Write the data out again in full, with no departure from the original.

[Items listed in a dataset]
[Start of Attachment]
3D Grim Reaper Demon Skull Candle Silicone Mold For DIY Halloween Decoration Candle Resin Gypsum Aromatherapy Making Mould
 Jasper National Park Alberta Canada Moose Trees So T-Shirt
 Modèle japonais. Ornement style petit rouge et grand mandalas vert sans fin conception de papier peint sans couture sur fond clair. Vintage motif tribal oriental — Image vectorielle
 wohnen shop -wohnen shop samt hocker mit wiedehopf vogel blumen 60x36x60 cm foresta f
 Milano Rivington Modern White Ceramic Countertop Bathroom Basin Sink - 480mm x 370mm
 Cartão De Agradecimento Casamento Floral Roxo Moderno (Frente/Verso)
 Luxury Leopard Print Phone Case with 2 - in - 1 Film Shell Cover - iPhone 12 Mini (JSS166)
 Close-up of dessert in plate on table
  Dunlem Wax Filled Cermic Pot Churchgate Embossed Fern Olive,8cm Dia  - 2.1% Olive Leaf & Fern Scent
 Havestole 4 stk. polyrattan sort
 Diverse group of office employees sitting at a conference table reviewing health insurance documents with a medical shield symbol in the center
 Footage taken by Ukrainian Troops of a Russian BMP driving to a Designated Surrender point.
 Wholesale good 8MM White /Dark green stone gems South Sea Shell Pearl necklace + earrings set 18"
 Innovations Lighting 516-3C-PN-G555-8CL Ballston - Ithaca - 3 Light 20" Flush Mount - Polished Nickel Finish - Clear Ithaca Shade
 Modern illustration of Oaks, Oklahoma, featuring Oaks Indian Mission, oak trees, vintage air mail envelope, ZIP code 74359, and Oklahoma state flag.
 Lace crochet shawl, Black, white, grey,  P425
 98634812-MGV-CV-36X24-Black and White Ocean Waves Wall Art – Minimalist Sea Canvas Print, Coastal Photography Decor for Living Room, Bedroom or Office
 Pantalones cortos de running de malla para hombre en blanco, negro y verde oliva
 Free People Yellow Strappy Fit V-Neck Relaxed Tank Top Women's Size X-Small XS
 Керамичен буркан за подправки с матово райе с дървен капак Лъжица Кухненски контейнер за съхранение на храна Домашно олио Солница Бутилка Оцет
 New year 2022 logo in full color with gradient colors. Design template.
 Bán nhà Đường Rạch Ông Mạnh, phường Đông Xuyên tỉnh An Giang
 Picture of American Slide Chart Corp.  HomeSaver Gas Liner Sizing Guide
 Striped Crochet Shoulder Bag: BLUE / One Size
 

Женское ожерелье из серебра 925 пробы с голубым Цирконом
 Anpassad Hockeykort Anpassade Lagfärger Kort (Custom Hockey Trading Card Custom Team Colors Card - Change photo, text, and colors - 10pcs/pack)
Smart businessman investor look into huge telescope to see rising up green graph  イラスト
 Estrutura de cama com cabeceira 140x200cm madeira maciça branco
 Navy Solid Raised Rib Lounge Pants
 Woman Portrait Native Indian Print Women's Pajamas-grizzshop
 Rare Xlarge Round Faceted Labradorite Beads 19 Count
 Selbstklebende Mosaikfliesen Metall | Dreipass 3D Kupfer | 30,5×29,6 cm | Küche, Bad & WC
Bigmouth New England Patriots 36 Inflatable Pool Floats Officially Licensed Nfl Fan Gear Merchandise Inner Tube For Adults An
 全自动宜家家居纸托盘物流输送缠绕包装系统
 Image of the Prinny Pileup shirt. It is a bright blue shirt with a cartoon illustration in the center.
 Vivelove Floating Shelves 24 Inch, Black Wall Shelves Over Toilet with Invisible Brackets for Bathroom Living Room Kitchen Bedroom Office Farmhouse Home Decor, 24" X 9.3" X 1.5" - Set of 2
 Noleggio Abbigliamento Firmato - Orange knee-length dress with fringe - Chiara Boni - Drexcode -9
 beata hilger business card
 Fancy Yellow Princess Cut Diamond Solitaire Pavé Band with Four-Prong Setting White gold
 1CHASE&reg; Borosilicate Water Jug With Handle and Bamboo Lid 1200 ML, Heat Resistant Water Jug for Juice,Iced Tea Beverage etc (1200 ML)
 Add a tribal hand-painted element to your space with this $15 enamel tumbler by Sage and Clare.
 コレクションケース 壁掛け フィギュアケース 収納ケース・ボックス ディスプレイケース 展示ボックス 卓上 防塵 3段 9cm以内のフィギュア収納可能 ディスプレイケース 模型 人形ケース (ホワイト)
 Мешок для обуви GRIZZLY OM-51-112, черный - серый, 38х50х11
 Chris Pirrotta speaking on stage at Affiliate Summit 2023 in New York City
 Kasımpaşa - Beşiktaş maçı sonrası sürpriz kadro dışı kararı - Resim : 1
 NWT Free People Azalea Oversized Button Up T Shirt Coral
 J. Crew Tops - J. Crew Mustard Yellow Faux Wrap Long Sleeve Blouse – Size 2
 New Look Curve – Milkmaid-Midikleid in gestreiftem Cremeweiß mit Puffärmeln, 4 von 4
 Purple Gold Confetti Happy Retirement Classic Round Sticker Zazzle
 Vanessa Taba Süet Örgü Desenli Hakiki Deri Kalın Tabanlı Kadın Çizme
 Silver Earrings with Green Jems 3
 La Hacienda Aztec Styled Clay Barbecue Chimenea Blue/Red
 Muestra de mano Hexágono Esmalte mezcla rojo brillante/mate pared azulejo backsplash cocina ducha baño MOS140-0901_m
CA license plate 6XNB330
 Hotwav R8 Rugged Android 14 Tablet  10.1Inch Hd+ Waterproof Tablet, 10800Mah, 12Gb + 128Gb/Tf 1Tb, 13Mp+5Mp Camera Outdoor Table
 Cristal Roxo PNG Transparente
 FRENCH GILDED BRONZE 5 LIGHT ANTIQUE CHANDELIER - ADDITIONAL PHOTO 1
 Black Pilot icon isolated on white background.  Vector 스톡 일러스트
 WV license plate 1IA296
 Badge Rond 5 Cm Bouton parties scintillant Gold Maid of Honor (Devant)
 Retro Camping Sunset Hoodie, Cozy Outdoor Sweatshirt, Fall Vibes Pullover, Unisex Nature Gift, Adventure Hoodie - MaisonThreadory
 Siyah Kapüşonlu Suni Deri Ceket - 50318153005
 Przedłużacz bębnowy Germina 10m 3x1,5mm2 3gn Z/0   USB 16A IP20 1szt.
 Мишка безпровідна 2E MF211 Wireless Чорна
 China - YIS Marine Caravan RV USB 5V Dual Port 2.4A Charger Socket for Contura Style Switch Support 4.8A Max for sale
[End of Attachment]
[Task response]:
3D Grim Reaper Demon Skull Candle Silicone Mold For DIY Halloween Decoration Candle Resin Gypsum Aromatherapy Making Mould
 Jasper National Park Alberta Canada Moose Trees So T-Shirt
 Modèle japonais. Ornement style petit rouge et grand mandalas vert sans fin conception de papier peint sans couture sur fond clair. Vintage motif tribal oriental — Image vectorielle
 wohnen shop -wohnen shop samt hocker mit wiedehopf vogel blumen 60x36x60 cm foresta f
 Milano Rivington Modern White Ceramic Countertop Bathroom Basin Sink - 480mm x 370mm
 Cartão De Agradecimento Casamento Floral Roxo Moderno (Frente/Verso)
 Luxury Leopard Print Phone Case with 2 - in - 1 Film Shell Cover - iPhone 12 Mini (JSS166)
 Close-up of dessert in plate on table
  Dunlem Wax Filled Cermic Pot Churchgate Embossed Fern Olive,8cm Dia  - 2.1% Olive Leaf & Fern Scent
 Havestole 4 stk. polyrattan sort
 Diverse group of office employees sitting at a conference table reviewing health insurance documents with a medical shield symbol in the center
 Footage taken by Ukrainian Troops of a Russian BMP driving to a Designated Surrender point.
 Wholesale good 8MM White /Dark green stone gems South Sea Shell Pearl necklace + earrings set 18"
 Innovations Lighting 516-3C-PN-G555-8CL Ballston - Ithaca - 3 Light 20" Flush Mount - Polished Nickel Finish - Clear Ithaca Shade
 Modern illustration of Oaks, Oklahoma, featuring Oaks Indian Mission, oak trees, vintage air mail envelope, ZIP code 74359, and Oklahoma state flag.
 Lace crochet shawl, Black, white, grey,  P425
 98634812-MGV-CV-36X24-Black and White Ocean Waves Wall Art – Minimalist Sea Canvas Print, Coastal Photography Decor for Living Room, Bedroom or Office
 Pantalones cortos de running de malla para hombre en blanco, negro y verde oliva
 Free People Yellow Strappy Fit V-Neck Relaxed Tank Top Women's Size X-Small XS
 Керамичен буркан за подправки с матово райе с дървен капак Лъжица Кухненски контейнер за съхранение на храна Домашно олио Солница Бутилка Оцет
 New year 2022 logo in full color with gradient colors. Design template.
 Bán nhà Đường Rạch Ông Mạnh, phường Đông Xuyên tỉnh An Giang
 Picture of American Slide Chart Corp.  HomeSaver Gas Liner Sizing Guide
 Striped Crochet Shoulder Bag: BLUE / One Size
 

Женское ожерелье из серебра 925 пробы с голубым Цирконом
 Anpassad Hockeykort Anpassade Lagfärger Kort (Custom Hockey Trading Card Custom Team Colors Card - Change photo, text, and colors - 10pcs/pack)
Smart businessman investor look into huge telescope to see rising up green graph  イラスト
 Estrutura de cama com cabeceira 140x200cm madeira maciça branco
 Navy Solid Raised Rib Lounge Pants
 Woman Portrait Native Indian Print Women's Pajamas-grizzshop
 Rare Xlarge Round Faceted Labradorite Beads 19 Count
 Selbstklebende Mosaikfliesen Metall | Dreipass 3D Kupfer | 30,5×29,6 cm | Küche, Bad & WC
Bigmouth New England Patriots 36 Inflatable Pool Floats Officially Licensed Nfl Fan Gear Merchandise Inner Tube For Adults An
 全自动宜家家居纸托盘物流输送缠绕包装系统
 Image of the Prinny Pileup shirt. It is a bright blue shirt with a cartoon illustration in the center.
 Vivelove Floating Shelves 24 Inch, Black Wall Shelves Over Toilet with Invisible Brackets for Bathroom Living Room Kitchen Bedroom Office Farmhouse Home Decor, 24" X 9.3" X 1.5" - Set of 2
 Noleggio Abbigliamento Firmato - Orange knee-length dress with fringe - Chiara Boni - Drexcode -9
 beata hilger business card
 Fancy Yellow Princess Cut Diamond Solitaire Pavé Band with Four-Prong Setting White gold
 1CHASE&reg; Borosilicate Water Jug With Handle and Bamboo Lid 1200 ML, Heat Resistant Water Jug for Juice,Iced Tea Beverage etc (1200 ML)
 Add a tribal hand-painted element to your space with this $15 enamel tumbler by Sage and Clare.
 コレクションケース 壁掛け フィギュアケース 収納ケース・ボックス ディスプレイケース 展示ボックス 卓上 防塵 3段 9cm以内のフィギュア収納可能 ディスプレイケース 模型 人形ケース (ホワイト)
 Мешок для обуви GRIZZLY OM-51-112, черный - серый, 38х50х11
 Chris Pirrotta speaking on stage at Affiliate Summit 2023 in New York City
 Kasımpaşa - Beşiktaş maçı sonrası sürpriz kadro dışı kararı - Resim : 1
 NWT Free People Azalea Oversized Button Up T Shirt Coral
 J. Crew Tops - J. Crew Mustard Yellow Faux Wrap Long Sleeve Blouse – Size 2
 New Look Curve – Milkmaid-Midikleid in gestreiftem Cremeweiß mit Puffärmeln, 4 von 4
 Purple Gold Confetti Happy Retirement Classic Round Sticker Zazzle
 Vanessa Taba Süet Örgü Desenli Hakiki Deri Kalın Tabanlı Kadın Çizme
 Silver Earrings with Green Jems 3
 La Hacienda Aztec Styled Clay Barbecue Chimenea Blue/Red
 Muestra de mano Hexágono Esmalte mezcla rojo brillante/mate pared azulejo backsplash cocina ducha baño MOS140-0901_m
CA license plate 6XNB330
 Hotwav R8 Rugged Android 14 Tablet  10.1Inch Hd+ Waterproof Tablet, 10800Mah, 12Gb + 128Gb/Tf 1Tb, 13Mp+5Mp Camera Outdoor Table
 Cristal Roxo PNG Transparente
 FRENCH GILDED BRONZE 5 LIGHT ANTIQUE CHANDELIER - ADDITIONAL PHOTO 1
 Black Pilot icon isolated on white background.  Vector 스톡 일러스트
 WV license plate 1IA296
 Badge Rond 5 Cm Bouton parties scintillant Gold Maid of Honor (Devant)
 Retro Camping Sunset Hoodie, Cozy Outdoor Sweatshirt, Fall Vibes Pullover, Unisex Nature Gift, Adventure Hoodie - MaisonThreadory
 Siyah Kapüşonlu Suni Deri Ceket - 50318153005
 Przedłużacz bębnowy Germina 10m 3x1,5mm2 3gn Z/0   USB 16A IP20 1szt.
 Мишка безпровідна 2E MF211 Wireless Чорна
 China - YIS Marine Caravan RV USB 5V Dual Port 2.4A Charger Socket for Contura Style Switch Support 4.8A Max for sale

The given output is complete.